Wednesday, February 2, 2005

People fuel wilderness movement

'Gray beard' offers perspectives on 40 years in wilderness protection trenches


By GREG STAHL
Express Staff Writer

Doug Scott Photo by David N. Seelig

One of the wilderness movement's admitted "gray beards" said last week the power behind wilderness protection lies with U.S. citizens, not with the conservation community or politicians.

"The energy isn't with the environmental groups. It's around the kitchen tables of people who feel passionately about an area," said Doug Scott, policy director for Campaign for America's Wilderness. "The professional wilderness movement could dry up and blow away tomorrow, but the demand for wilderness would be every bit as prevalent."

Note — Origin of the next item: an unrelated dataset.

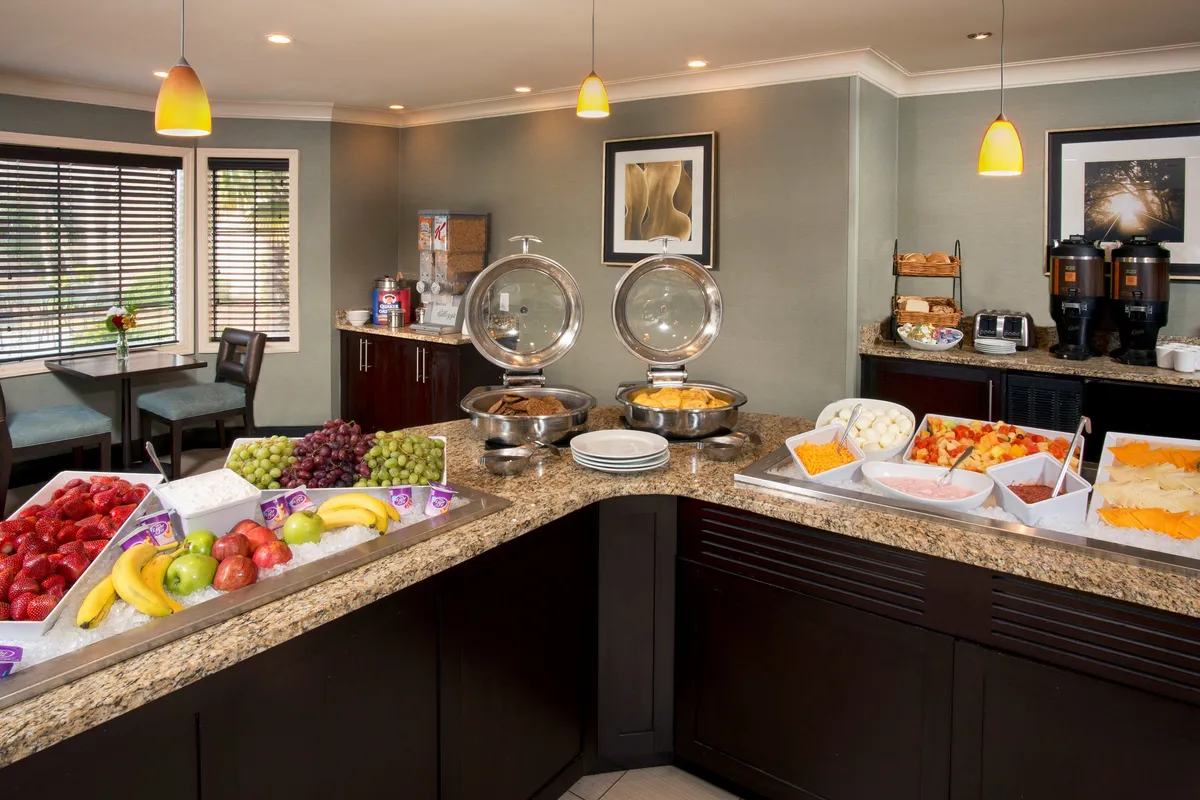 This image features a buffet table set with a colorful fruit display, coffee machines, and a welcoming dining area. The scene captures guests socializing and enjoying breakfast in a bright, communal space. The arrangement suggests both self-service convenience and a sociable atmosphere, aligning with the section's emphasis on complimentary breakfast and flexible dining.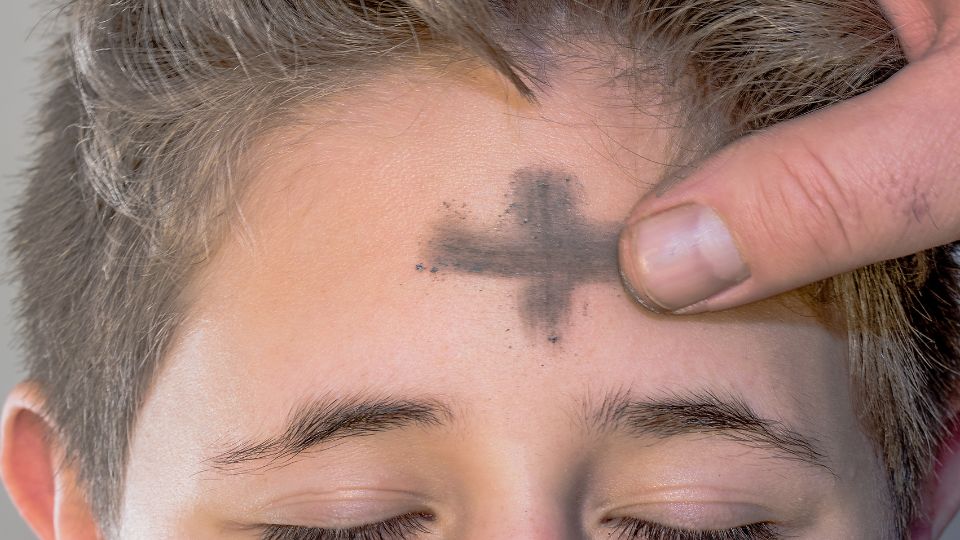 Padre coloca la ceniza en la frente de un niño tras el inicio de la Cuaresma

The author of "The Enduring Wilderness, Protecting Our Natural Heritage through the Wilderness Act," Scott arrived in the Wood River Valley Thursday for a public event sponsored by The Wilderness Society. For a few hours prior to the engagement, he sat down at the Idaho Mountain Express offices for a talk about his career, the state of the wilderness movement and a pair of Idaho-based wilderness proposals.

One of his central themes was that wilderness protection is a grassroots endeavor.

"The politics change over time. The constant is the grassroots support," he said.

In that sense, the wilderness movement has changed little in 40 years, he said.

Scott has been involved with wilderness protection efforts since passage of the Wilderness Act in 1964. As the Sierra Club's Northwest representative from 1973 to 1980, he was intensely involved in enacting the Hells Canyon National Recreation Area and wilderness in the Snake River gorge on the Idaho-Oregon border in 1975. His lengthy resume also includes helping Wisconsin Sen. Gaylord Nelson found the original Earth Day.

Scott said there never really have been easy wilderness bills.

"They are inherently complex issues to deal with," he said. "The reality is, you get into complications that arise from other people's desires of what to do with that land, and they have to be worked out."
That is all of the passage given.